Last week we looked at God’s Sovereignty in relation to our trials. We learned how we can trust Him to provide for us through those trials. Both Matthew and Luke explained that He cares for us even more than the sparrows, lilies and grasses of the fields.
Today I want to explore how the trials that come our way are beautiful expressions of His providence. Regardless of the purpose of our trials – pruning, testing, or some sort of consequence- they can all be considered discipline. In Hebrews, discipline is explained for us:
For the moment all discipline seems painful rather than pleasant, but later it yields the peaceful fruit of righteousness to those who have been trained by it.
Providence, by definition, is “the protective care of God.”
I believe, regardless of why, it is purely God’s providence that brings us to and through things that will increase our faith, make us stronger people and produce the “peaceful fruit of righteousness.”
And He humbled you and let you be hungry, and fed you with manna which you did not know, nor did your fathers know, that He might make you understand that man does not live by bread alone, but man lives by everything that proceeds out of the mouth of the Lord (Deuteronomy 8:3).
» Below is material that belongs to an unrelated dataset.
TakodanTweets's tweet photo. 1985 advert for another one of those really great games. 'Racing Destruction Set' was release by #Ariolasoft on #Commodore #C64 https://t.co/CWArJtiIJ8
At this point in my journey, I can say that God drew me closer to Himself as I walked through my trials. He used those trials in my life to produce greater maturity. I have heard them called a refiner’s fire and that has been my experience. I was and am being refined by my trials. To me, that’s His providence. He loves me enough to not let me stagnate in my life. He acts to keep me moving onward and upward.
Our trials are God’s protective care on our lives.
He is looking out for His children, helping them learn and grow in Him and making them more like Himself. His protection doesn’t offer smooth sailing and no hardship. It offers what’s best for us and what will help us grow and mature in Him.
“God will not bring us more than we can handle,” so the saying goes but in truth it should finish with “with His help”.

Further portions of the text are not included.